··· Supplied material ···
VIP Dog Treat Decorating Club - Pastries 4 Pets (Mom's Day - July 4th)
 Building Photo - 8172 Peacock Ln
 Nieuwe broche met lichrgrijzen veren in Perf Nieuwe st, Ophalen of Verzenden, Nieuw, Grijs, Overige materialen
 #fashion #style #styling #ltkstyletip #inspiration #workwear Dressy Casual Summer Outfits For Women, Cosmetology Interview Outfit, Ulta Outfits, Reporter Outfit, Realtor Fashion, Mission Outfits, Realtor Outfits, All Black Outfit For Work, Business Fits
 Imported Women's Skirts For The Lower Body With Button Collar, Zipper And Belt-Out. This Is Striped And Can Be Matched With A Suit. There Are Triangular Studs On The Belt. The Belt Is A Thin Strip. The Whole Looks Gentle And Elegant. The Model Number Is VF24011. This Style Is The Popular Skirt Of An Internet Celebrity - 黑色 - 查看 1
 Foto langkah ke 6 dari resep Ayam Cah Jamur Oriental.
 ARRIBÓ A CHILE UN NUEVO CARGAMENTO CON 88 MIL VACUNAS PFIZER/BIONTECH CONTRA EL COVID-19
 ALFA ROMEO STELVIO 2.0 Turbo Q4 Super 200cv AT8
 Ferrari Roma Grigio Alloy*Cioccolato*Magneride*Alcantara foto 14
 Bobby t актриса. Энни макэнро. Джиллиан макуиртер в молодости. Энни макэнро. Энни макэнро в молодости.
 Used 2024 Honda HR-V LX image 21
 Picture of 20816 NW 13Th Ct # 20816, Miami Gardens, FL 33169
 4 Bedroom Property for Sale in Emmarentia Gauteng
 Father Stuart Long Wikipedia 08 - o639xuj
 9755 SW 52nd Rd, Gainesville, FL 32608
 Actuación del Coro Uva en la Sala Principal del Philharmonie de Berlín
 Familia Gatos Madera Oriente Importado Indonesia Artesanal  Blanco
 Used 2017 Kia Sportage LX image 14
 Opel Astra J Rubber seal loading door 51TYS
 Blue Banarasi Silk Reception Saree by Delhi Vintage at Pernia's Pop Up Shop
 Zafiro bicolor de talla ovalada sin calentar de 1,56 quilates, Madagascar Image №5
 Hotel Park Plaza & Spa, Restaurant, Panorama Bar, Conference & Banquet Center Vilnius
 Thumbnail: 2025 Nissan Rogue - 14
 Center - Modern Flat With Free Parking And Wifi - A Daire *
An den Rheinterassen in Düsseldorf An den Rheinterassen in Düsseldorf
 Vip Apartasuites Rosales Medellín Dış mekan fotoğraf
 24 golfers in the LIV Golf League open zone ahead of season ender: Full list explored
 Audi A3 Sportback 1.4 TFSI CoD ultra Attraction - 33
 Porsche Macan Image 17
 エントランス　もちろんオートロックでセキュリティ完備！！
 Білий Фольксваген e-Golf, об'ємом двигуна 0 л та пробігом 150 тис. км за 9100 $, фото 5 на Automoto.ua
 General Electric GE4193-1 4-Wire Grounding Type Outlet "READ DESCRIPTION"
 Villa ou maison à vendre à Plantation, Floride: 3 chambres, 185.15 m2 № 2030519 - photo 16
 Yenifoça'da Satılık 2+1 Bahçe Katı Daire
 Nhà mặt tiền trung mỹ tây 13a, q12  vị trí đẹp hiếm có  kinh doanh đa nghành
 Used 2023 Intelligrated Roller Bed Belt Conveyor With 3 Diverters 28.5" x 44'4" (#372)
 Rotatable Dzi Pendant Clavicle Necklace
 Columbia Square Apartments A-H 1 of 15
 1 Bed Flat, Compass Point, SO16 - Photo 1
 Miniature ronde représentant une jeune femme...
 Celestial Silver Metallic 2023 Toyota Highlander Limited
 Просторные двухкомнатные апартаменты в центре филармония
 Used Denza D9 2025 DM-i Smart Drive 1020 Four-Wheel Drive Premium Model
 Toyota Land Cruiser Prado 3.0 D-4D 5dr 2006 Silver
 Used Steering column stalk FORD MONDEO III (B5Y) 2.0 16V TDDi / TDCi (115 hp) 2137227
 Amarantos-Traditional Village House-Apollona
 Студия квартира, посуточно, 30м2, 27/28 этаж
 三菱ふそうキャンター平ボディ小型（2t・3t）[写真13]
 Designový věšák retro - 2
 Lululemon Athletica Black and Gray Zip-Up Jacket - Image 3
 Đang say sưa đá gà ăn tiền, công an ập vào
···
◆ Work order:
Taking the listing above as the source, transcribe only the lines starting at the line with "Yenifoça'da Satılık 2+1 Bahçe Katı Daire" and going through the line with "Columbia Square Apartments A-H 1 of 15", unaltered and with both ends included.

◆ Answer for the task:
 Yenifoça'da Satılık 2+1 Bahçe Katı Daire
 Nhà mặt tiền trung mỹ tây 13a, q12  vị trí đẹp hiếm có  kinh doanh đa nghành
 Used 2023 Intelligrated Roller Bed Belt Conveyor With 3 Diverters 28.5" x 44'4" (#372)
 Rotatable Dzi Pendant Clavicle Necklace
 Columbia Square Apartments A-H 1 of 15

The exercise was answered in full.